Also, some food for thought: it would be interesting to see someone testing Twitter moods as an instrumental variable for a project.


I may be wrong, but an initial success rate of 73.3% before adding the emotional data seems like overfitting.


Depending on how they defined success, 73% might be achievable just by looking at co-correlation. Up days and down days tend to run in streaks. If they defined success as predicting 'up' or 'down' for the day for the DJIA, just going with the most popular result for the last N days could work.

But overfitting is definitely still a concern. Looking at the overall trend for the Dow Jones in 2008, I wonder what the success rate of an indicator that always said 'down' would be.


> 73% might be achievable just by looking at co-correlation. Up days and down days tend to run in streaks.

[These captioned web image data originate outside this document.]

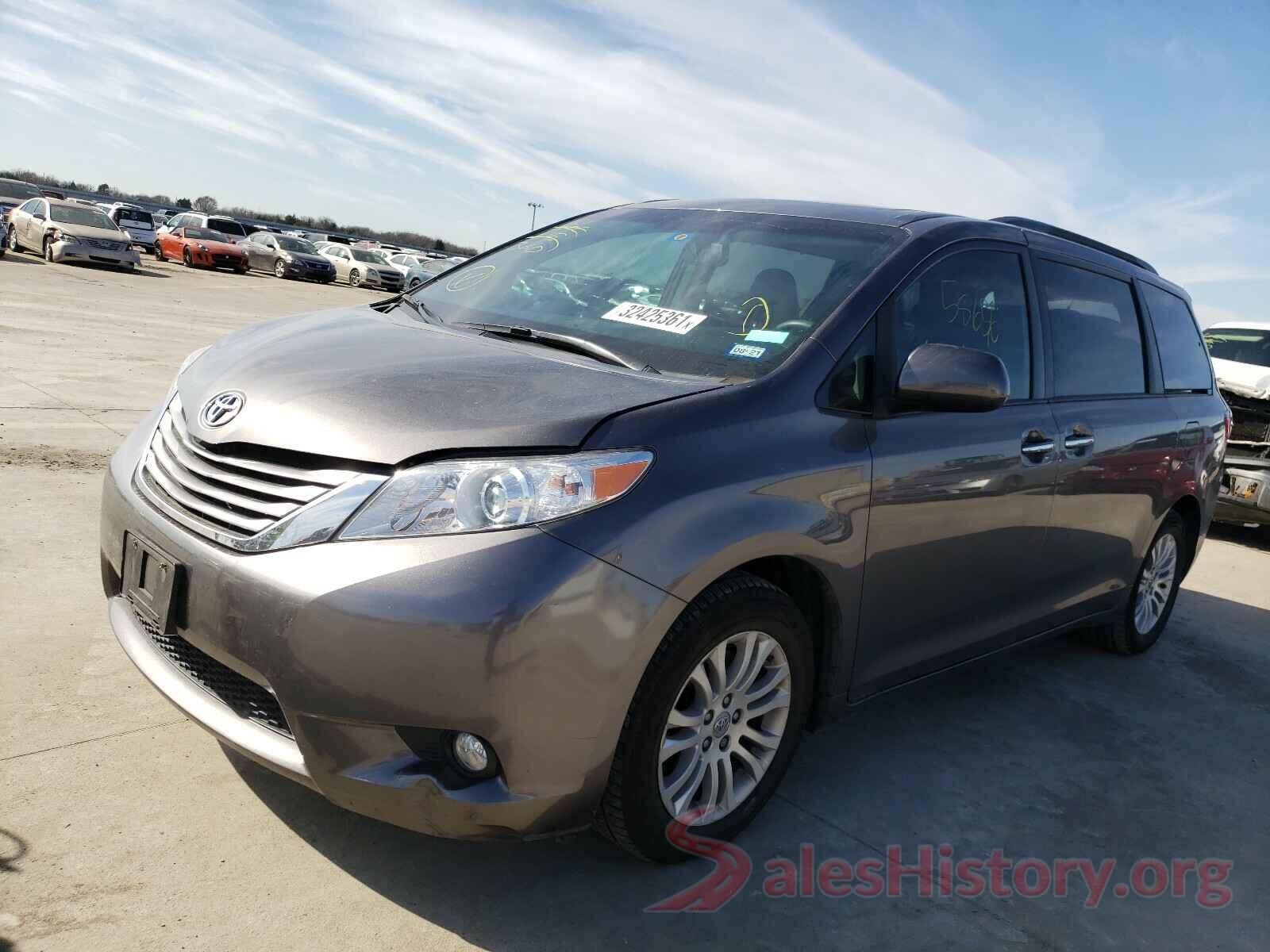 5TDYZ3DC8HS842513 2017 TOYOTA SIENNA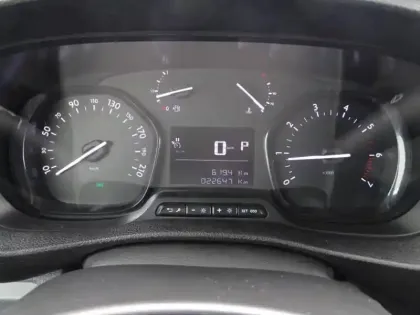 Photo 9 Peugeot Expert  Fg M 2.0 BlueHDi 180ch S&S Pack Asphalt EAT8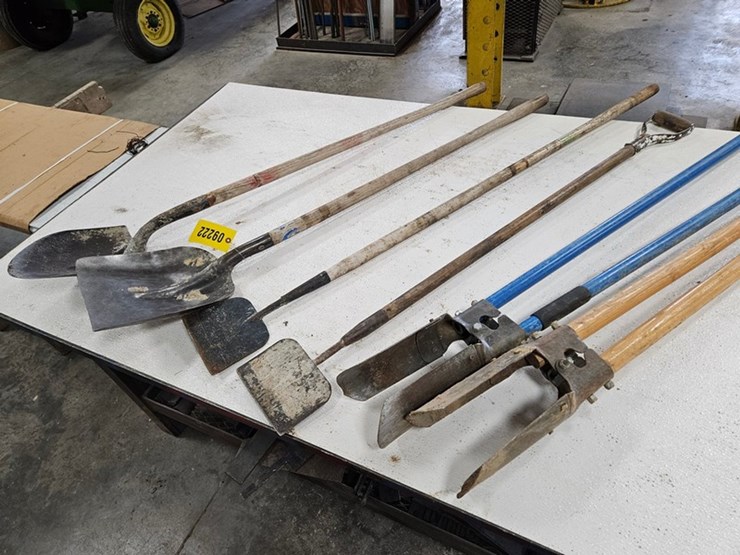 #9222-•-rack-of-assorted-yard-tools-image-1
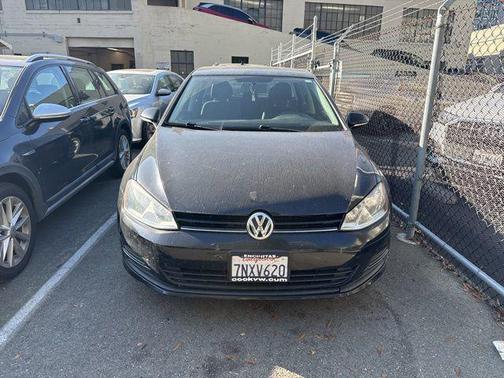 2016 Volkswagen Golf TSI S 4-Door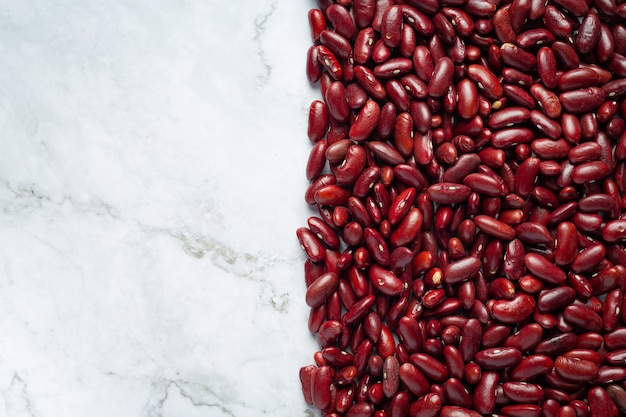 Free photo red kidney beans place on white marble background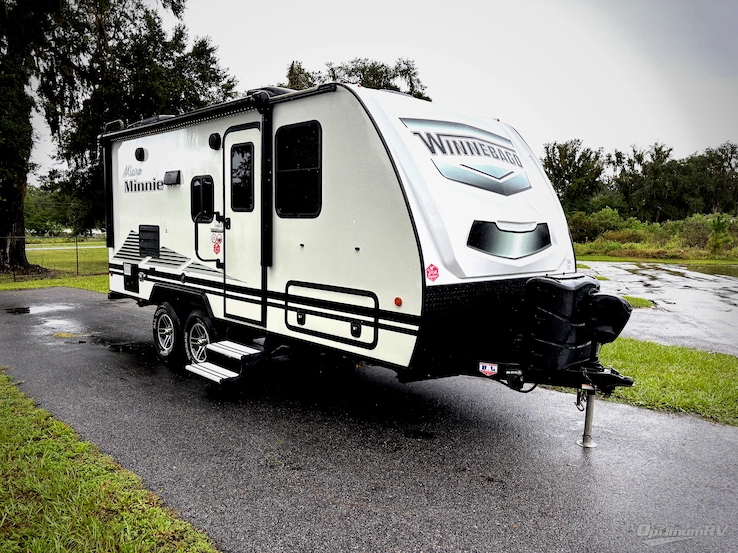 2021 Winnebago Towables Micro Minnie 2106DS RV Photo 1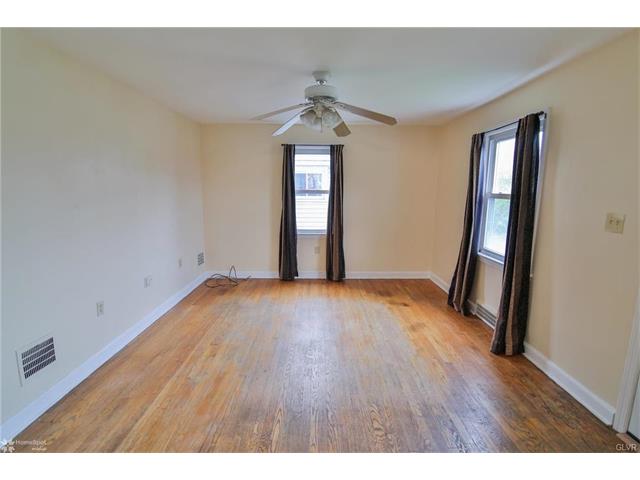 1011 Elm Street, Bethlehem City, PA 18018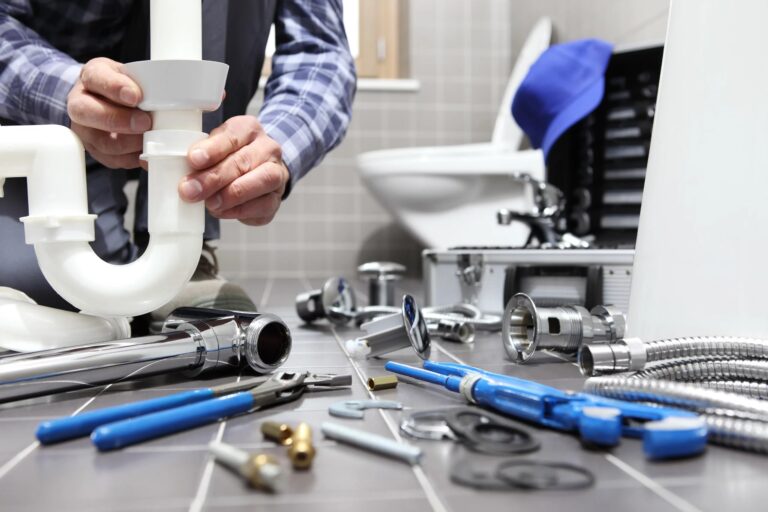 Plombier Paris 17 : comment choisir un professionnel fiable pour vos travaux de plomberie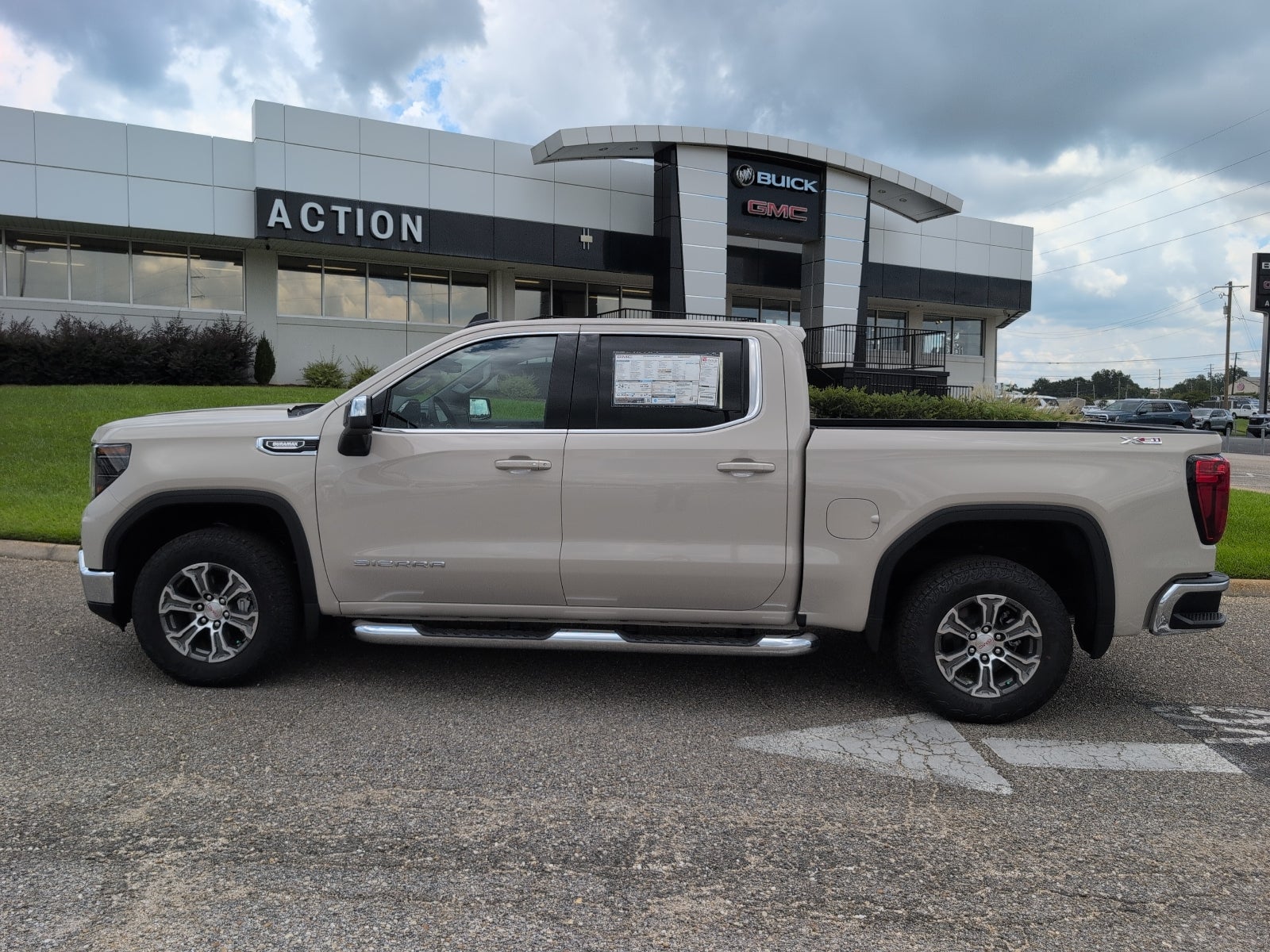 2026 GMC Sierra 1500 SLE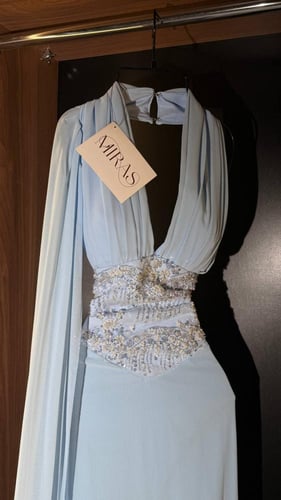 فستان سماوي مفتوح الظهر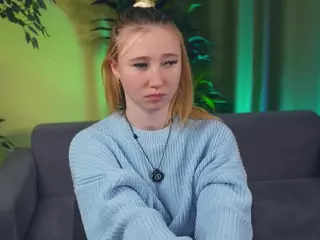 LinetteDaines's Live Sex Cam Show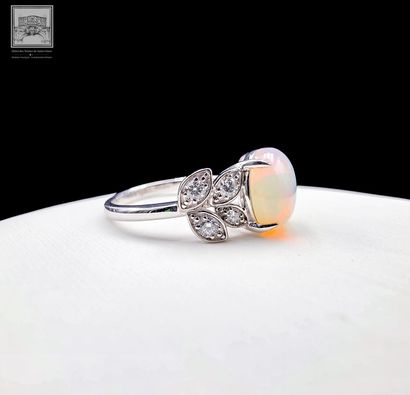 Bague de style Art Déco en or 750°/.(18K)...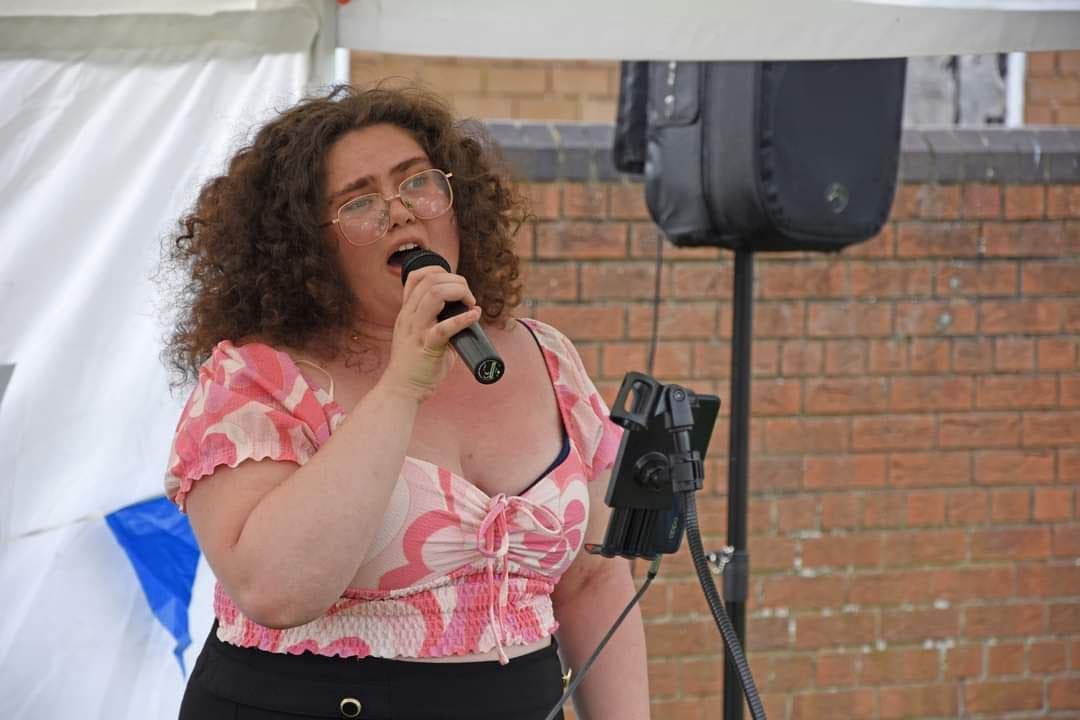 Profile photo of Felicity , Guitar tutor at Wiingy 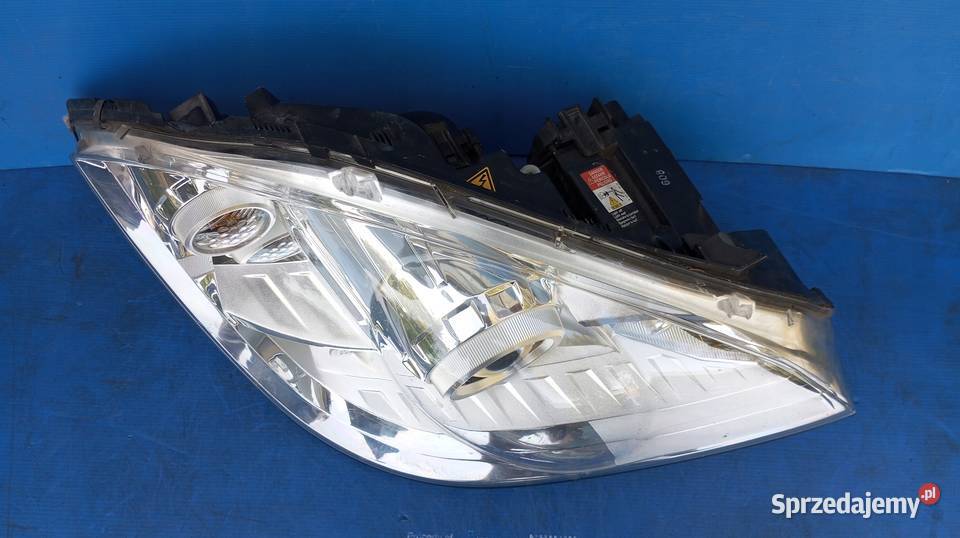 LAMPA PRAWY PRZÓD EU XENON MERCEDES A KLASA W169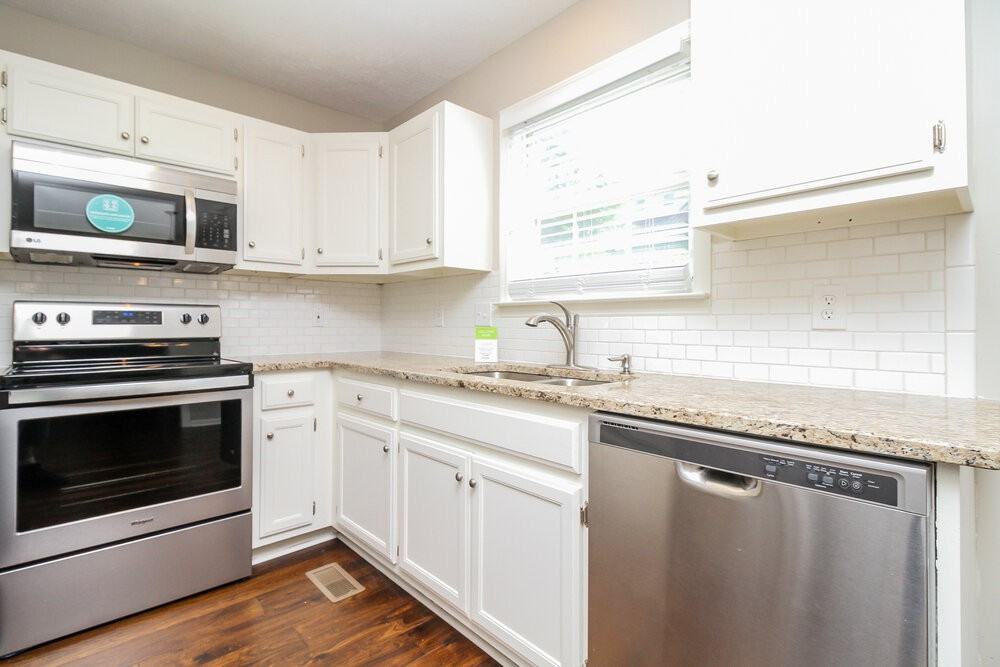 114 Jesse Brown Dr - Photo 7 of 17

If that were true, there would be an exceptionally easy way to make money: Buy a future or option today based on yesterday's move. Leverage ad infinitum.

Random coin flips also tend to run in streaks, btw - in a few thousand throws, you'll probably have several 10 "head" streaks and several 10 "tail" streaks.


there would be an exceptionally easy way to make money: Buy a future or option today based on yesterday's move. Leverage ad infinitum.

This kind of co-correlation and general market direction is already baked into the option and futures prices. Also, they don't tend to fluctuate as much from day to day, since their prices reflect what the value will be on the contract delivery date, not what the price will be tomorrow. I'm not clear on what profit opportunity you're seeing.

Random coin flips also tend to run in streaks, btw - in a few thousand throws, you'll probably have several 10 "head" streaks and several 10 "tail" streaks.

And in a flat market, that's often the behavior you see. When the market starts trending, though, the coin starts acting 'rigged', and streaks in the prevailing market direction tend to become longer.


I do not know what this "co-correlation" that you speak of is, and google doesn't seem to either. Assuming you are speaking about day-to-day correlation:

I don't know what futures you were thinking of, but financial futures (single stock, index futures, currency futures) track the base value EXACTLY (but also taking into account interest rates, dividends, etc). If this weren't the case, there would be an immediate arbitrage opportunity.

Specifically, once you factor the interest rate out, the DJIA future and the DJIA index are in sync within seconds. The HFT traders take care of that.

And while it is true that the market does trend occasionally (more than a coin flip), timing the start and end of the trade is empirically very hard.

If you know the market is trending, why don't you buy a future betting on the trending direction, with a stop at 2 ticks above and below your entry price? If the market is trending, you have positive winning expectation.

Except the market doesn't work that way - and if you think the market is trending when it isn't, you lose money with this scheme.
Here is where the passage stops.